BILLINGS — Kyra Oakland was dissecting the keys to Rocky Mountain College’s volleyball sweep of Bushnell (Oregon) in the first round of NAIA nationals on Saturday when she saw her teammates spiriting their way into the locker room.

Oakland then asked to pause the conversation and ran in to join her friends. What followed were cheers and celebratory screams — the sound of a team that had just punched a coveted ticket to Sioux City, Iowa, the final site of the championship tournament.

The Battlin’ Bears, by virtue of their 26-24, 25-21, 25-15 win, will join 23 other teams there beginning with pool play on April 27. It will be Rocky’s first trip to Sioux City since 2018.

In a bizarre year in which the calendar was completely flipped — this spring season was a byproduct of the COVID-19 pandemic that forced a postponement last fall — the Bears remained undeterred enough to reach the NAIA’s final destination.

“Winning in nationals is huge, especially after not having a fall season,” said Oakland, a big-swinging outside hitter from Miles City. “And to do it with this team, it’s just awesome.”

It didn’t come particularly easy. Rocky was on the ropes in the first set, as Bushnell held a 24-22 lead and was one point away from taking the early advantage. But Morgan Allen and Taylor Wolf scored on consecutive kills to tie it, and then Bushnell made back-to-back errors to hand the set to the Bears.

Rocky was in control of the second set throughout, and then finished the match in the third set as Oakland and Weiying Wu combined for six straight kills — three each — during what was an 11-1 scoring run.

The victory was especially meaningful for Rocky coach Yang, who was an assistant under previous Bears coach Laurie Kelly and helped the program land on the national radar when she recorded more than 1,000 kills and was twice named an All-American in 2013 and 2014.

“It’s a very special group. I helped recruit a lot of them when I was an assistant coach, so it makes me really emotional at this point and I feel like they definitely deserve it,” Yang said.

Wu finished with 12 kills and Oakland added nine as the Bears gradually improved their hitting percentage as the match went on (.171). Ayla Embry, the Frontier Conference’s defensive player of the year, had 21 digs and setter Natalie Hilderman delivered 31 assists.

Red Lodge’s Hilderman, by the way, was one of three RMC seniors to earn a degree at graduation earlier Saturday, joining Billings Skyview product Kailey Thomson and Monique Rodriguez of Beaumont, California.

Bushnell was limited when setter Makenna Northern, a first-team All-Cascade Collegiate Conference setter, was injured during the opening set and never could regain her form, though she later returned.

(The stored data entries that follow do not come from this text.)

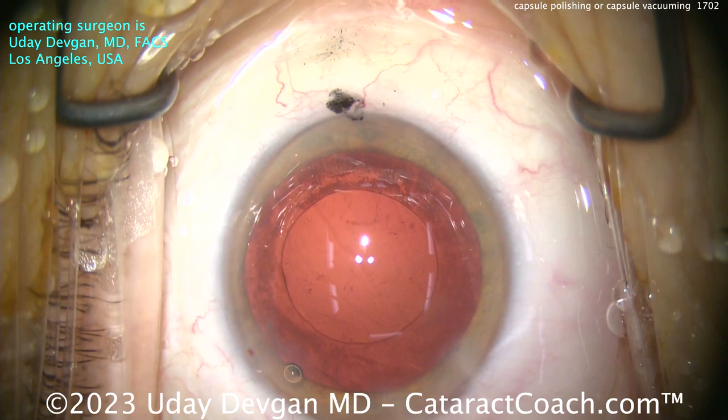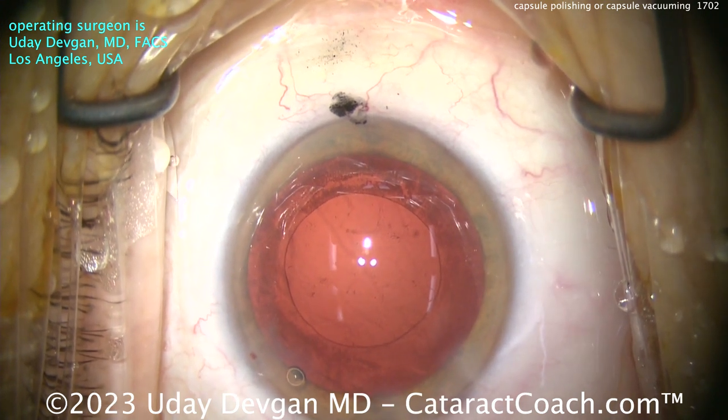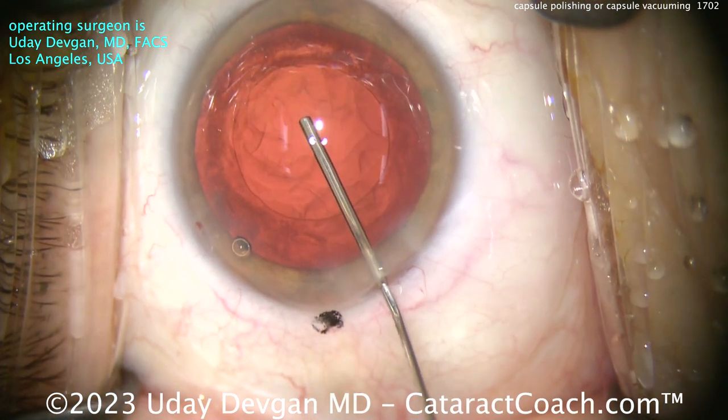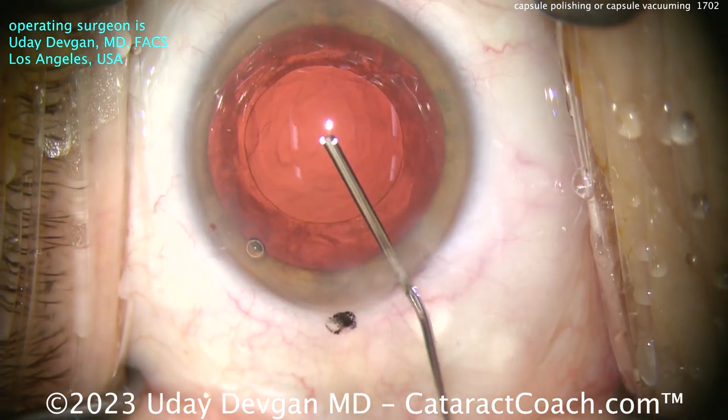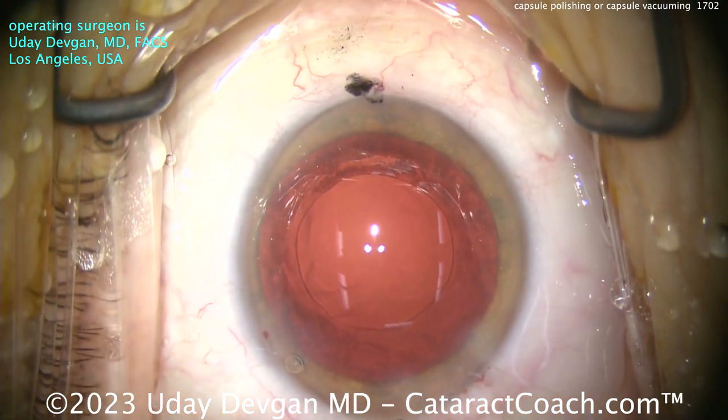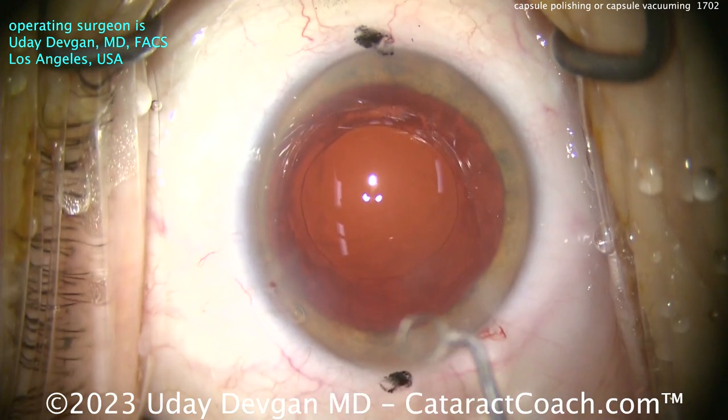There have been studies one way or the other — showing you should remove it, you shouldn't remove it. But I can understand it'll decrease the inflammatory burden on the eye. So let's fill the capsular bag with our cohesive viscoelastic. Nice big capsular fill, reasonable-looking rhexis axis — I'll take it. Now let's clean it up.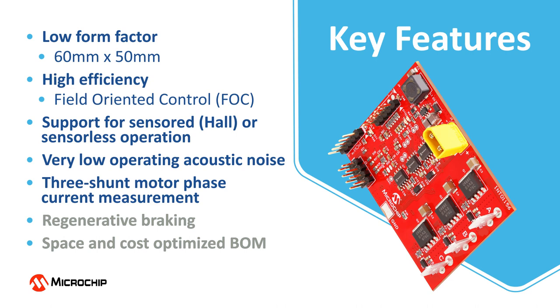The motor phase currents are measured using three low-side shunt resistors. Regenerative braking is also supported and the bill of materials is optimized for space and cost.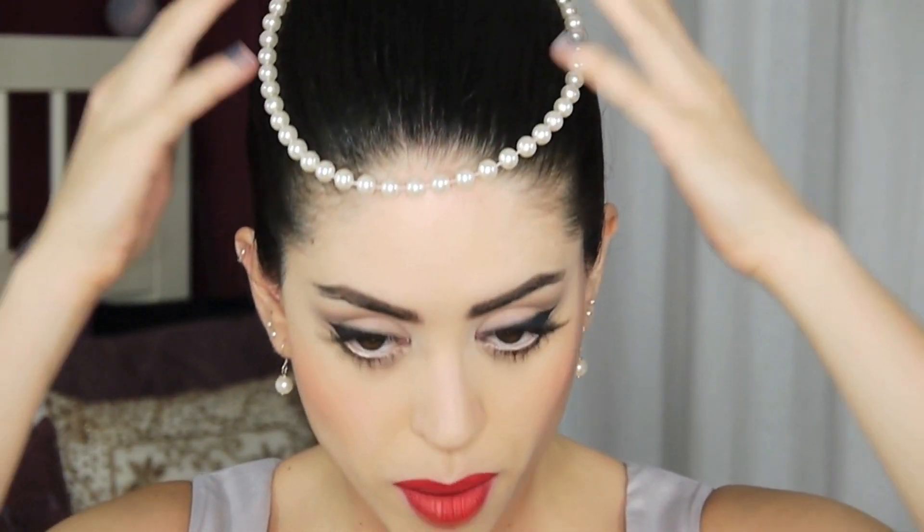Hello everyone! Welcome to my Audrey Hepburn in Funny Face look. This is a classic 50s look with a rosebud-shaped lip and I tried to mimic Audrey Hepburn's eyes, which were large, doe-eyed, and upturned. That is a necklace that I just put on my head, as you do, for Audrey looks. Needless to say, Audrey Hepburn is one of my favorite Hollywood icons.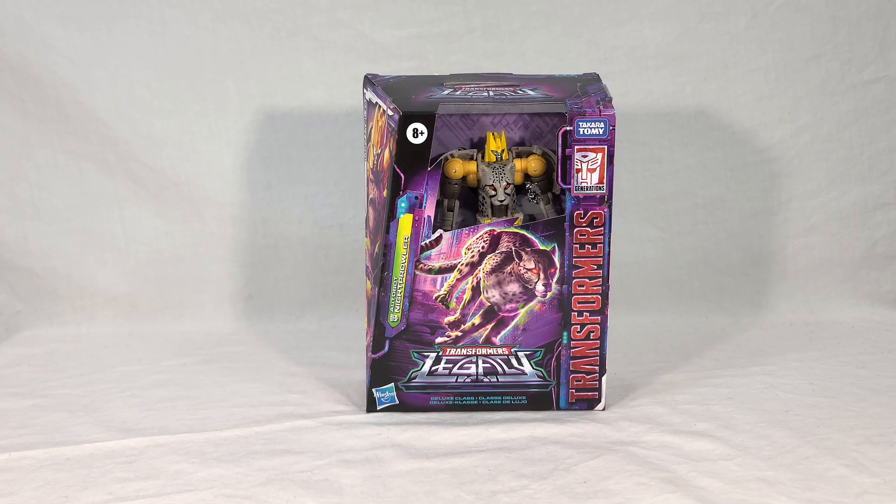Welcome back everyone. Today I am very excited to bring you a review for the new Transformers Legacy Walmart Exclusive Autobot Night Prowler.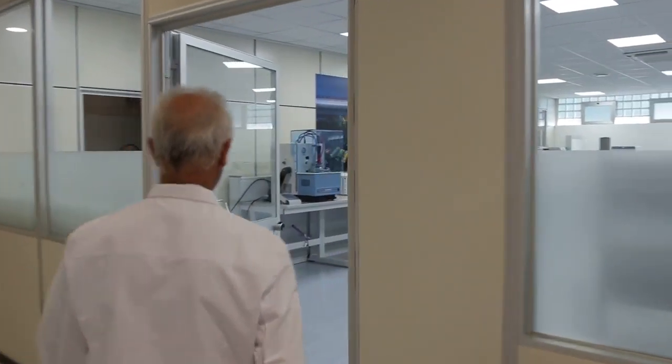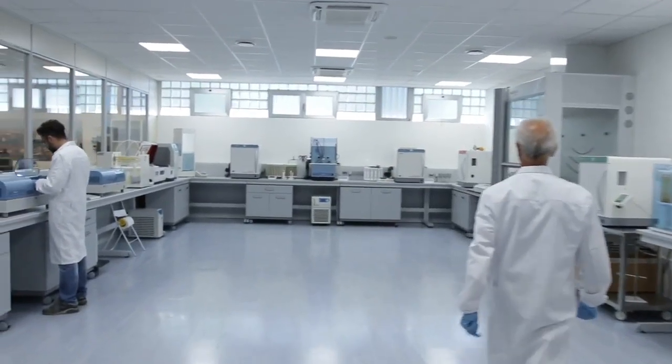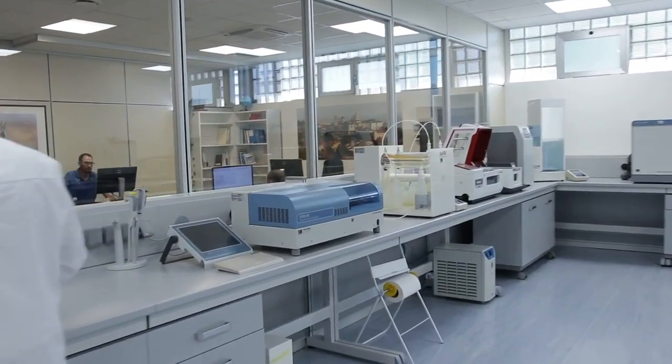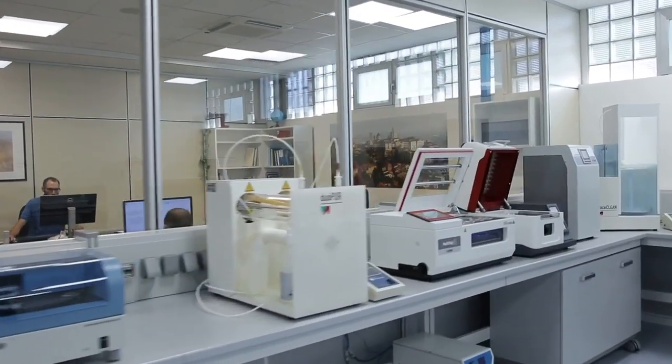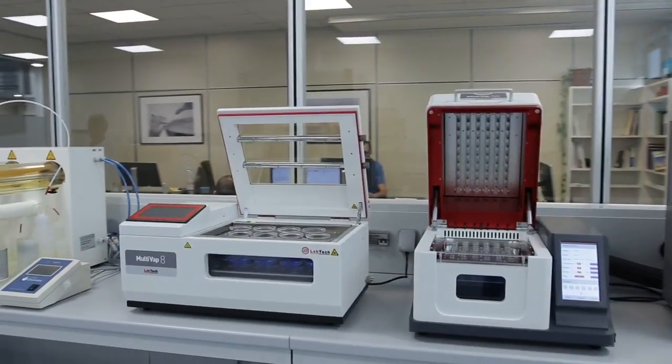Efficiency and precision are more and more requested in any kind of modern lab. Sample quality is a crucial issue for any kind of application and Labtech's instruments can give an excellent contribution to the daily job.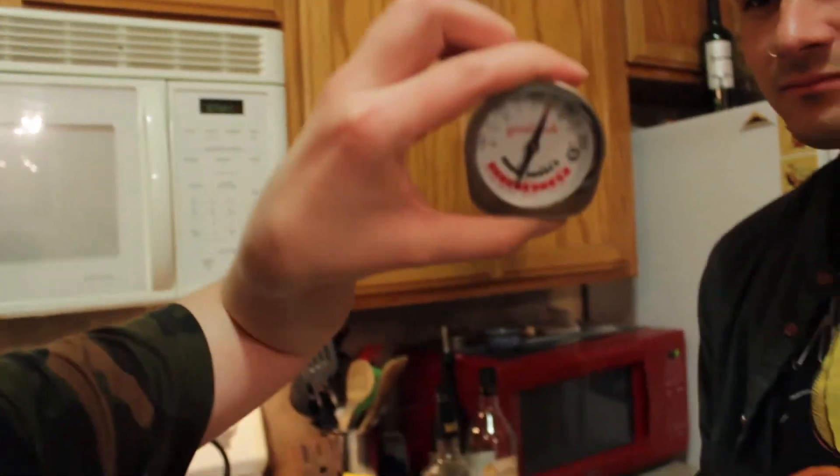We had some technical difficulties with the oven — we don't know how to cook chicken in the oven. We put it in for 35 minutes at 350 and they were definitely not done. We used a food thermometer to test it. So we put it back in at 400 for 15 minutes and they still weren't done. Then we turned it up to 450 for another 15 minutes, and I'm pretty sure it's done. Hopefully we don't get salmonella.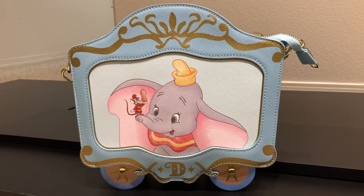Hi everyone! Karla here with another Loungefly review. Today I'm so excited to share with you guys the newest addition to my Loungefly collection — it's the Disney Dumbo 80th Anniversary Crossbody bag.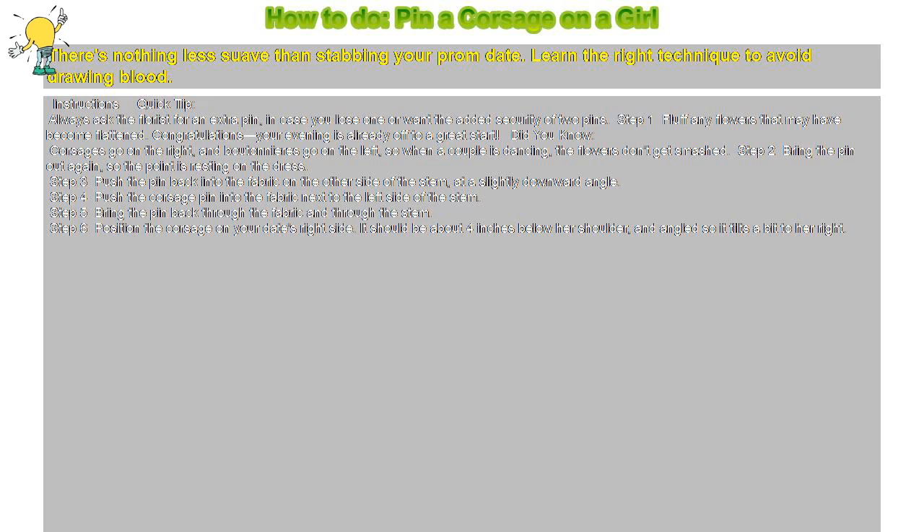Step 1: Fluff any flowers that may have become flattened. Congratulations — your evening is already off to a great start! Did you know corsages go on the right, and boutonnieres go on the left, so when a couple is dancing, the flowers don't get smashed.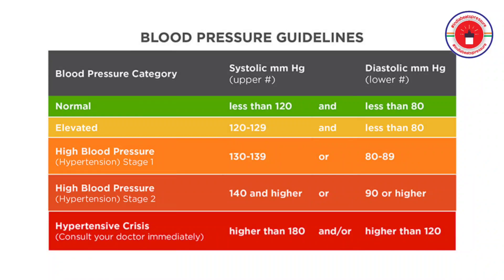The blood pressure of 140 by 90 is considered as hypertension.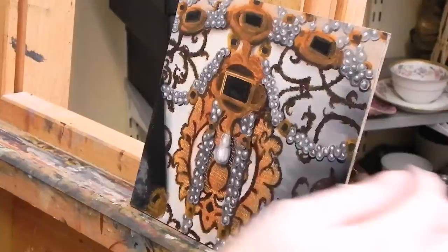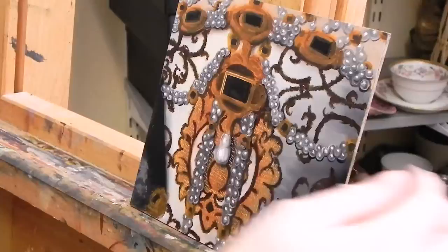Here I am starting to add some highlights on the gold. I turn the picture so that I don't have to adjust my hand angle for each area.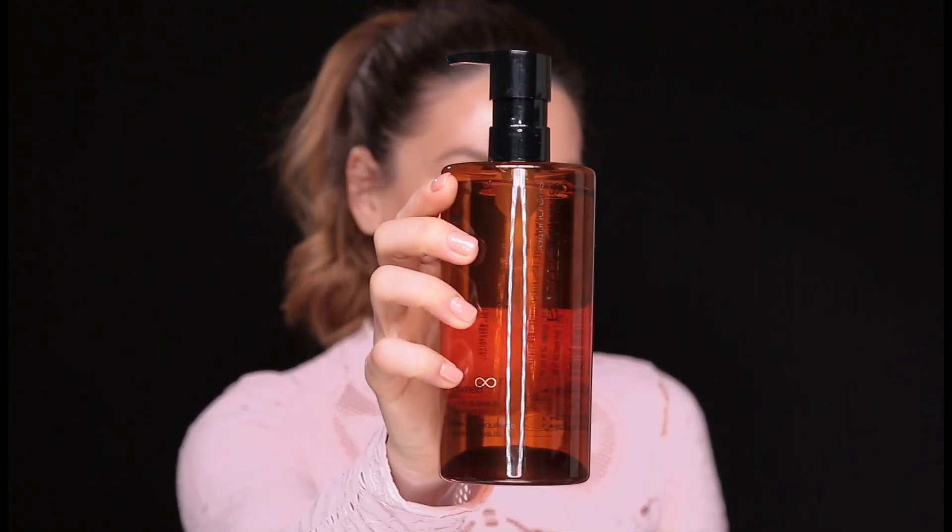The first product I would like to show you is this Shu Uemura Cleansing Oil. I know there are so many people that are against oils because they cause them to break out, but it's not my case — I love it. I feel it is so easy to take your makeup off with this one. I just put four pumps into my palms, rub my hands together, then massage into my skin and the makeup just melts. Then I clean everything with water.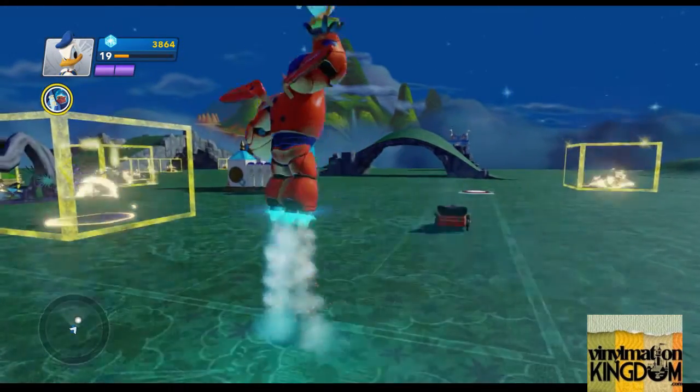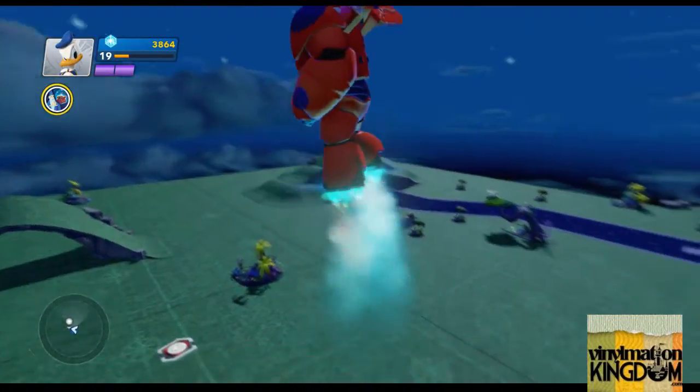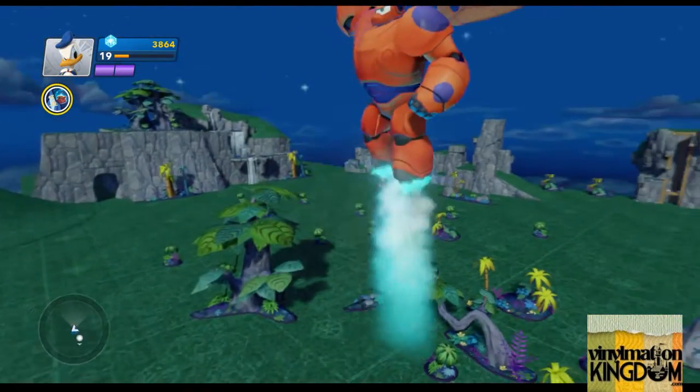Upon putting down this PowerDisc, what will tend to happen is all the decorations you've set up there, as you can see, all then change over to a Peter Pan theme, and the terrain changes colour.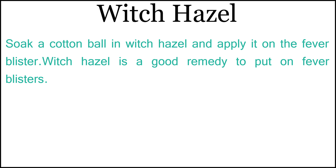3. Witch Hazel: Soak a cotton ball in witch hazel and apply it on the fever blister. Witch hazel is a good remedy to put on fever blisters.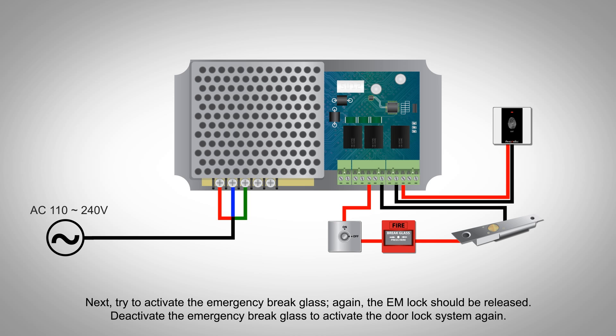Next, try to activate the emergency brake glass. Again, the EM lock should be released. Deactivate the emergency brake glass to activate the door lock system again.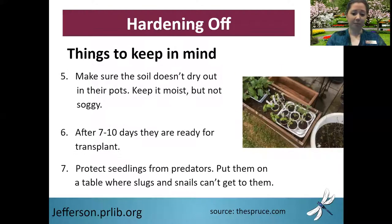A few things to keep in mind: do not let the soil dry out — keep it moist but not soggy. After the end of this process is when they should be planted into the ground. Also, protect your seedlings from predators. Snails and slugs love tender young seedlings, so place them up high on a table or chair to make it much more difficult for snails and slugs to find them.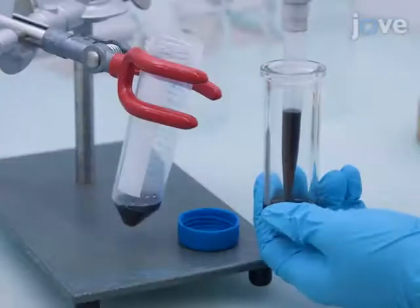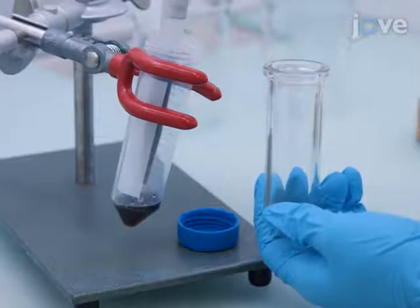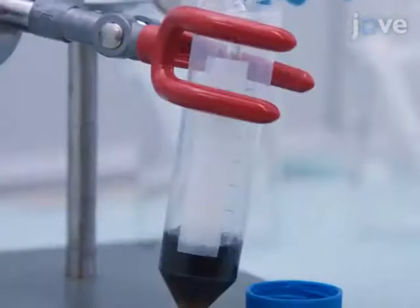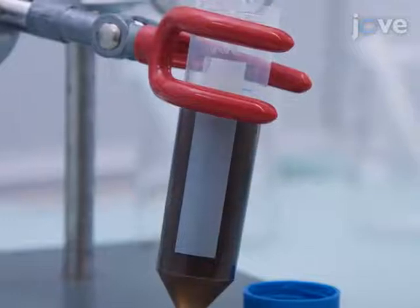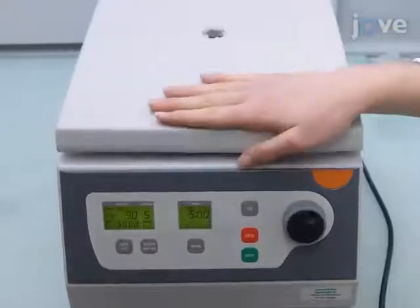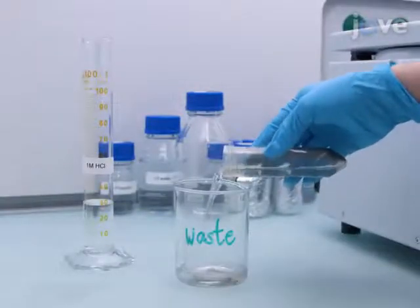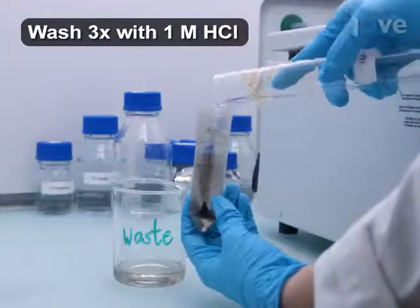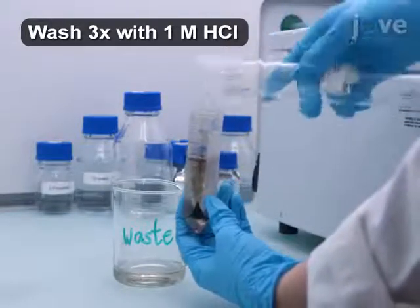Transfer 7.3 milliliters of the resulting colloidal platinum nanoparticle suspension to a centrifuge tube. Precipitate the 2 nanometer platinum nanoparticles with 30 milliliters of 1 molar hydrochloric acid. Centrifuge the mixture at 2900 times G for 5 minutes and discard the supernatant. Repeat the centrifugation in hydrochloric acid and removal of the supernatant twice more to finish washing the nanoparticles.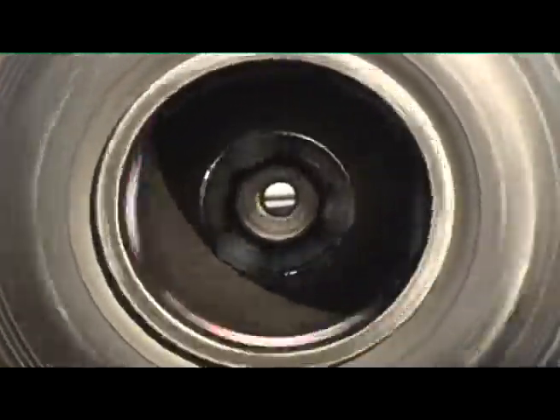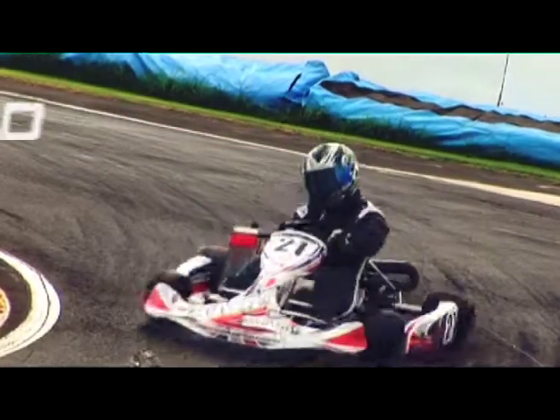Heading into the finals, it's time to take a look at Up to Speed. What makes an FR125 Rotax tick?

Northern appeared to suffer an ailment to the right side of her hip or lower torso and still managed 16 assists.

Rocky “did a great job of being consistent and they took advantage of that,” Beacons coach Jason Corwin said of the opening game. “We were trying to kind of fake our way through it and steal that first set and keep the momentum going into the next one, but they did a good job and scored the points, and we had some errors.”

It was the first national tournament match in the 15-year history of the Bushnell program. The Beacons, who finished the year 13-7, were led by eight kills from all-league middle Natalie Martin.

“Can we stay here? I think we can,” Corwin said. “We’re building it for that. But you’ve got to go play the games. We hope to punch our ticket next year.”

Rocky, meanwhile, improved to 18-4 with the victory. The Bears are one of two Frontier teams heading to Sioux City, the other being Providence, which swept Olivet Nazarene (Illinois) in a first-round match earlier Saturday.

Yang, with her previous experience as a player, hopes to impart some wisdom to her players on the best way to handle the journey forward.

“We just need to have fun at this point. No pressure. We just need to do what we know we can do,” Yang said.

“There’s nothing you (should) worry about. You have to enjoy the game and you can’t get tight. You have to enjoy it and play your game.”